Among the entries below, find the line with "Bedroom 2, Les Tables Aux Vaches, Hérault" and the line with "افيو 2013 رقم". Return exactly those lines and every line between them, but no pictures.

DATA FOR THE TASK —
++++++++++++++++++++
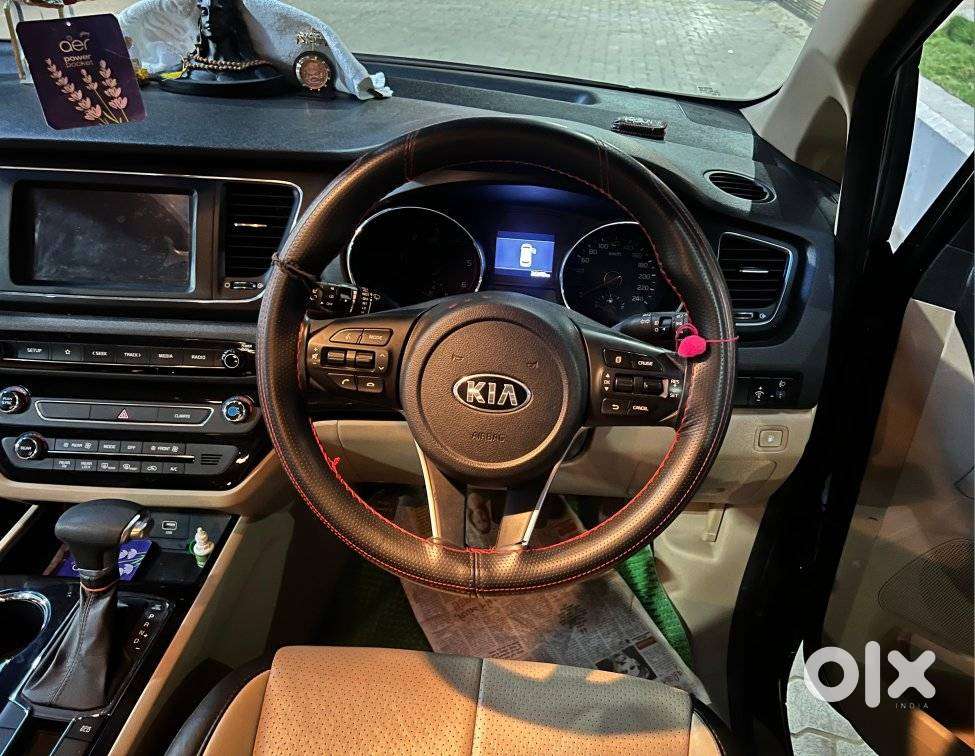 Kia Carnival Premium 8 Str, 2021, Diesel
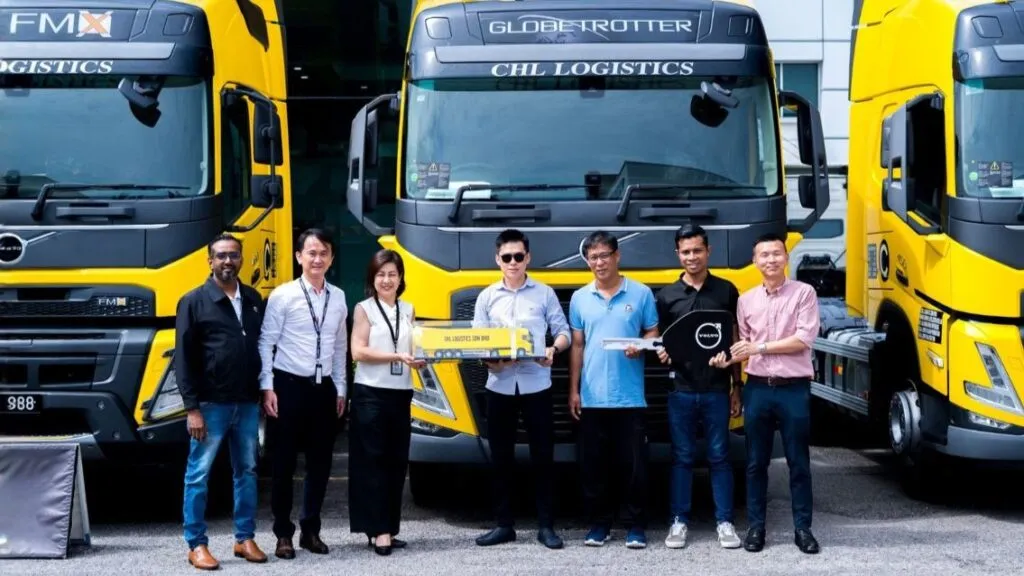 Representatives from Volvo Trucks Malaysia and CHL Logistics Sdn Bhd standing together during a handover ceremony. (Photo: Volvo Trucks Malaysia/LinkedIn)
++++++++++++++++++++
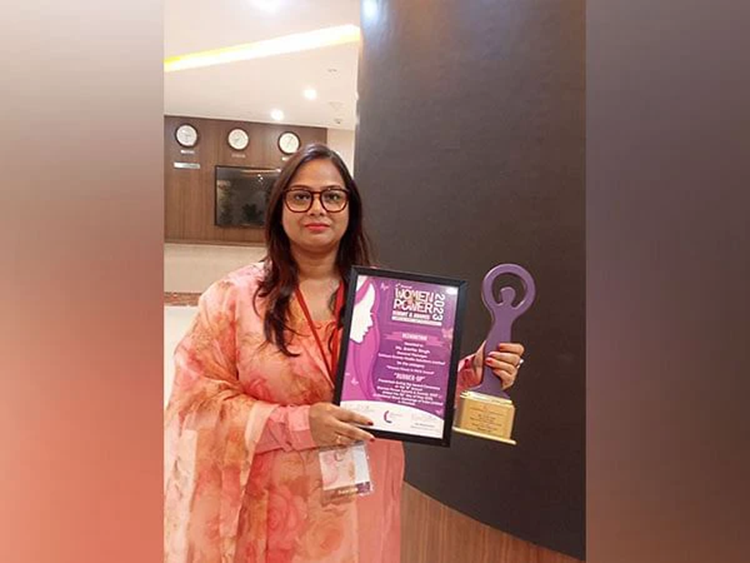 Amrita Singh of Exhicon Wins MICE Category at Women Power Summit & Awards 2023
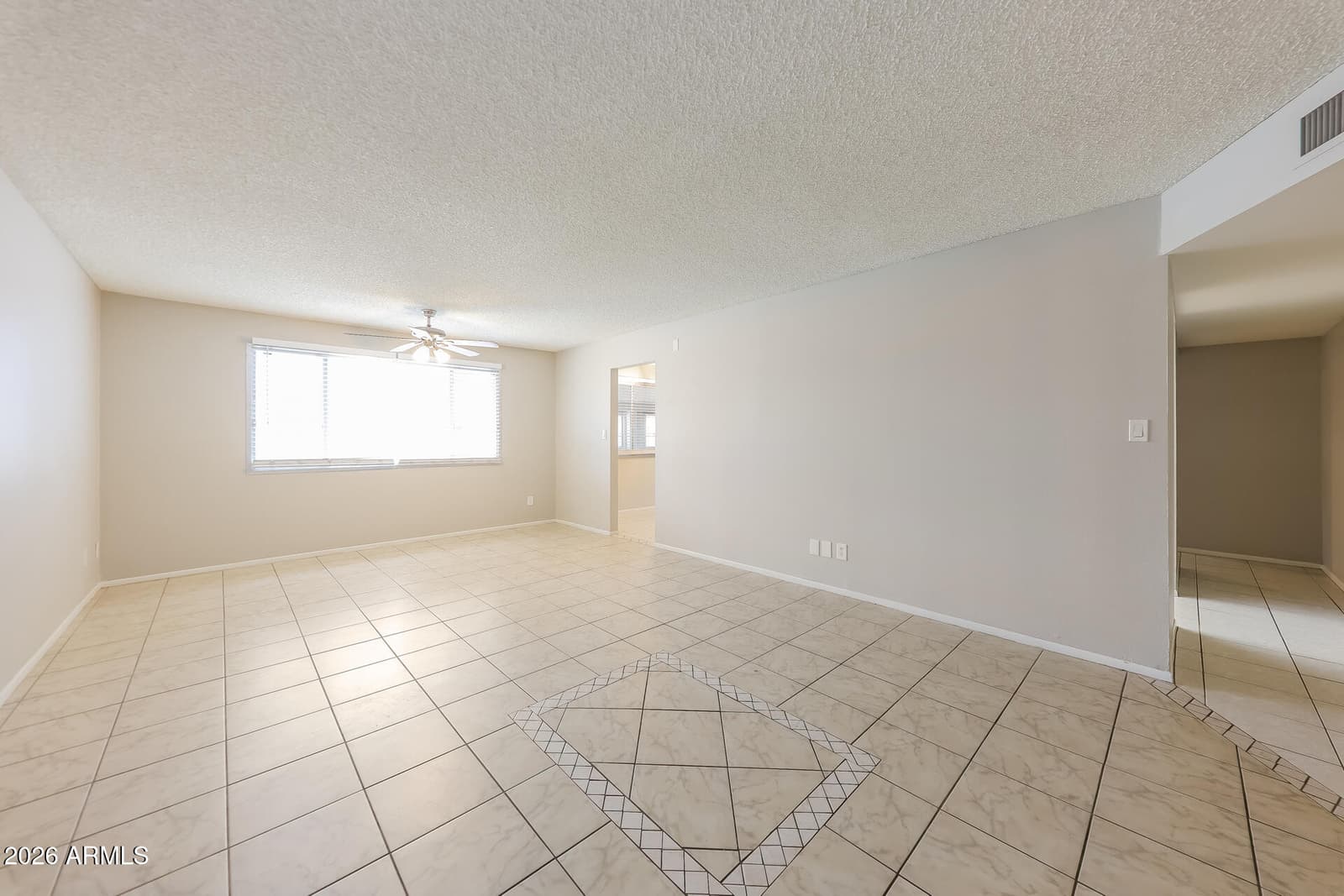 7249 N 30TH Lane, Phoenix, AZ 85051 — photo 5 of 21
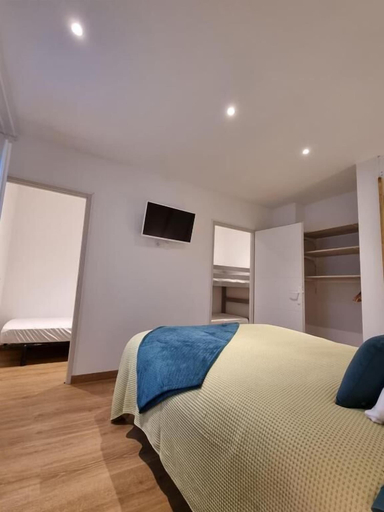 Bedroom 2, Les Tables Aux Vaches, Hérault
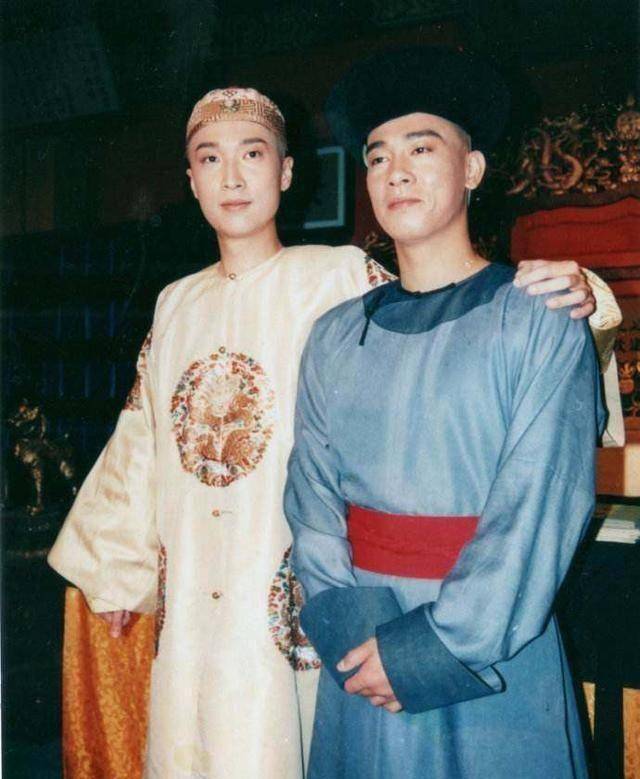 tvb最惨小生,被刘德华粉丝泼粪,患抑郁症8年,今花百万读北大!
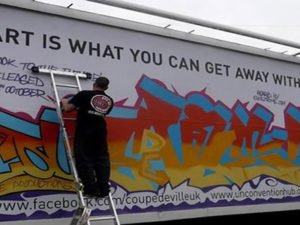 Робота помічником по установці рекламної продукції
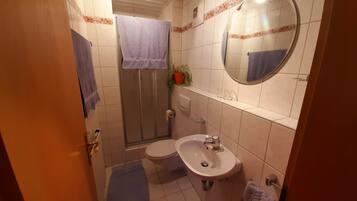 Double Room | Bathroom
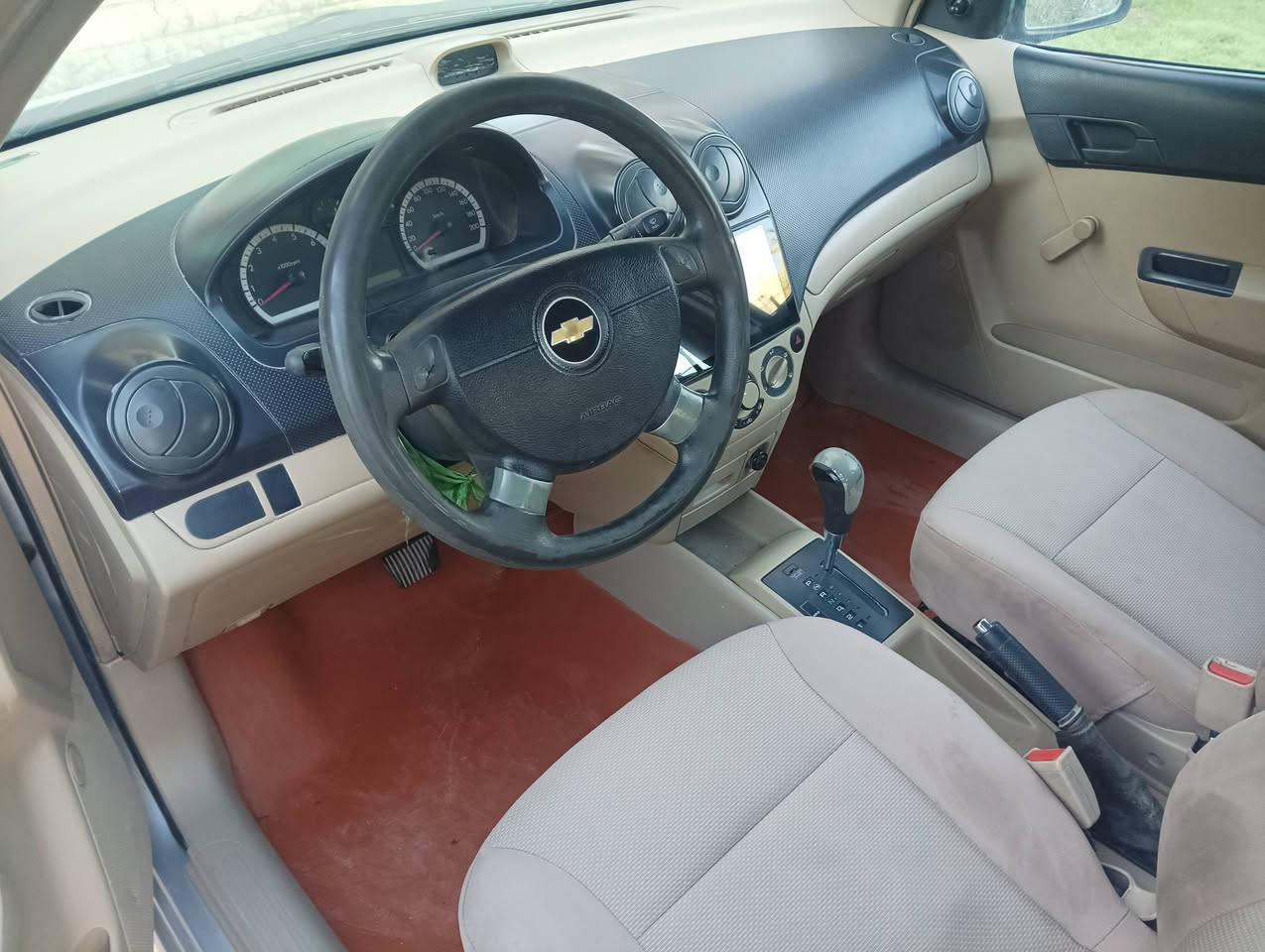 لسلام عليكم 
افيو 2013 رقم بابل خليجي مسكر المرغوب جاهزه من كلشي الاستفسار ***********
++++++++++++++++++++
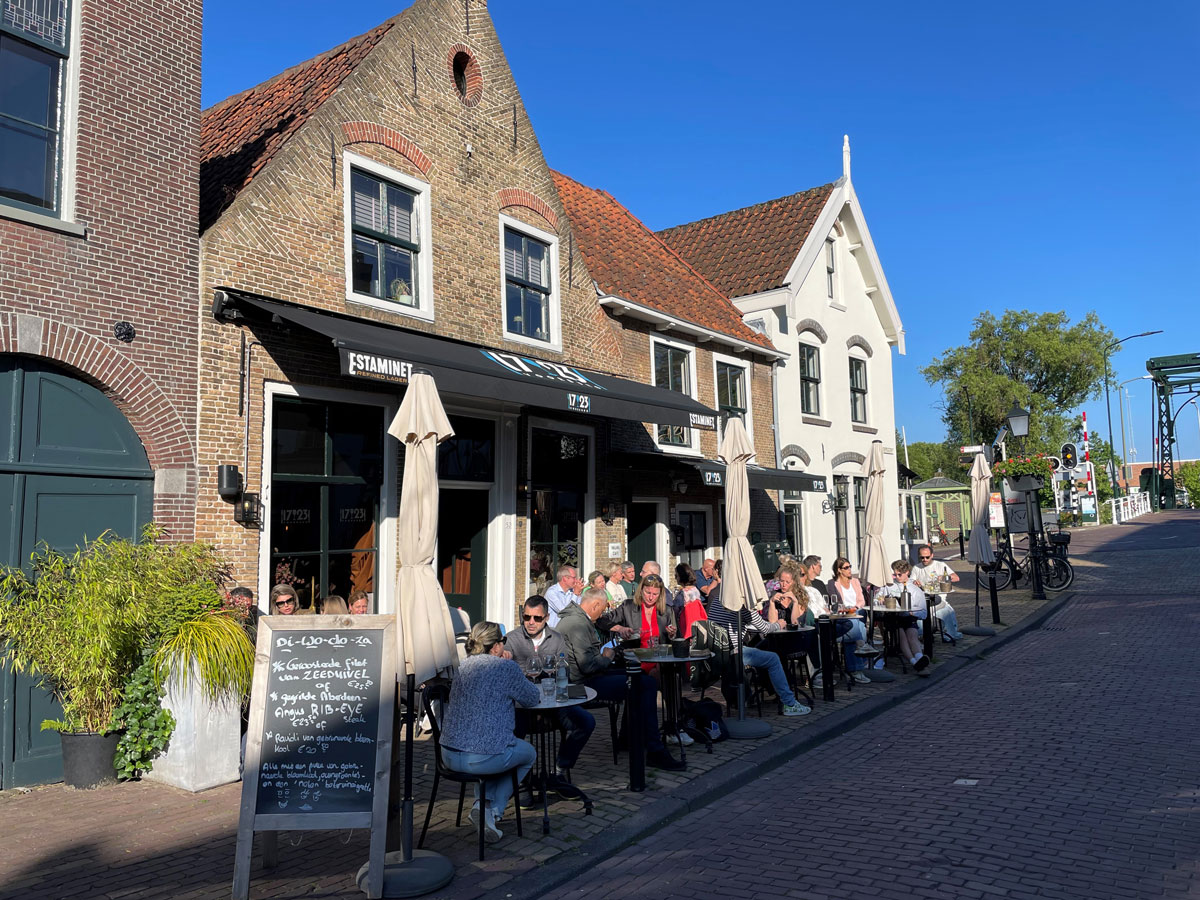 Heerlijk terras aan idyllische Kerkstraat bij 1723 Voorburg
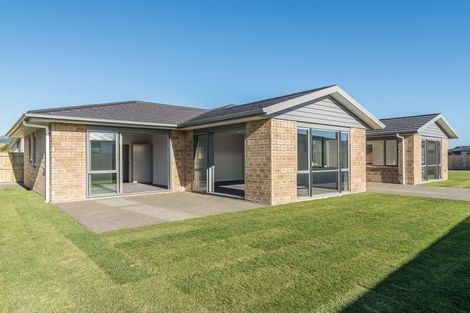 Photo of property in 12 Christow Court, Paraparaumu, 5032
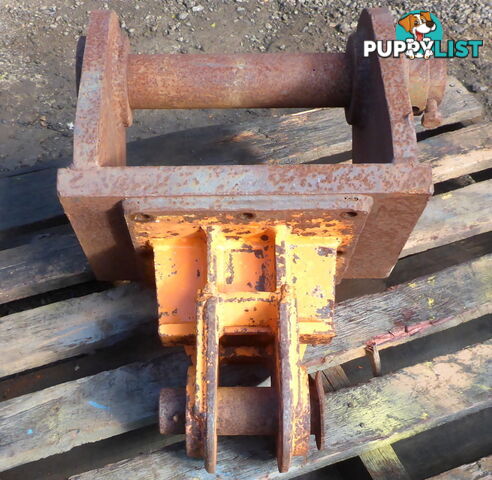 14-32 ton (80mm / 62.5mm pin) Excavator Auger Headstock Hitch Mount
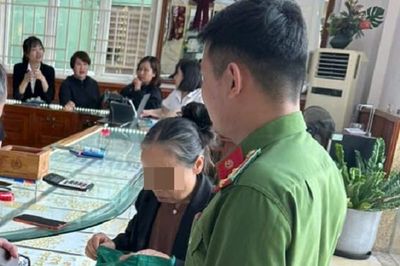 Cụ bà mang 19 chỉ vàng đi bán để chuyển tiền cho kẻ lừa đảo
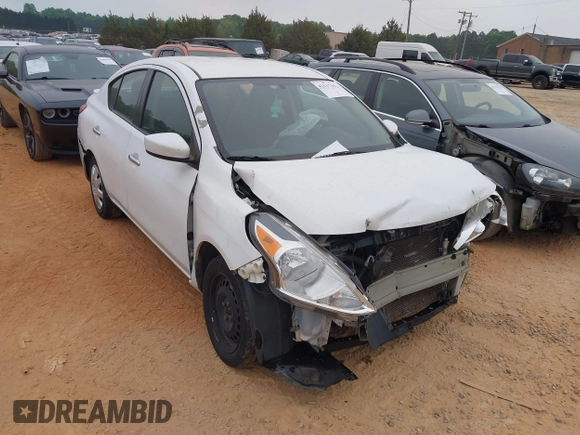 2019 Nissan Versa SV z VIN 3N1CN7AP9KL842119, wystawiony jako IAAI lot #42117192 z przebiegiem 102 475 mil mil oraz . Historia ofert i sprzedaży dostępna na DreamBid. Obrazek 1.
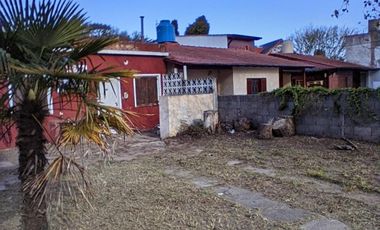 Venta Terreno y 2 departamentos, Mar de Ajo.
++++++++++++++++++++
ANSWER TO THIS EXERCISE —
 Bedroom 2, Les Tables Aux Vaches, Hérault
 tvb最惨小生,被刘德华粉丝泼粪,患抑郁症8年,今花百万读北大!
 Робота помічником по установці рекламної продукції
 Double Room | Bathroom
 لسلام عليكم 
افيو 2013 رقم بابل خليجي مسكر المرغوب جاهزه من كلشي الاستفسار ***********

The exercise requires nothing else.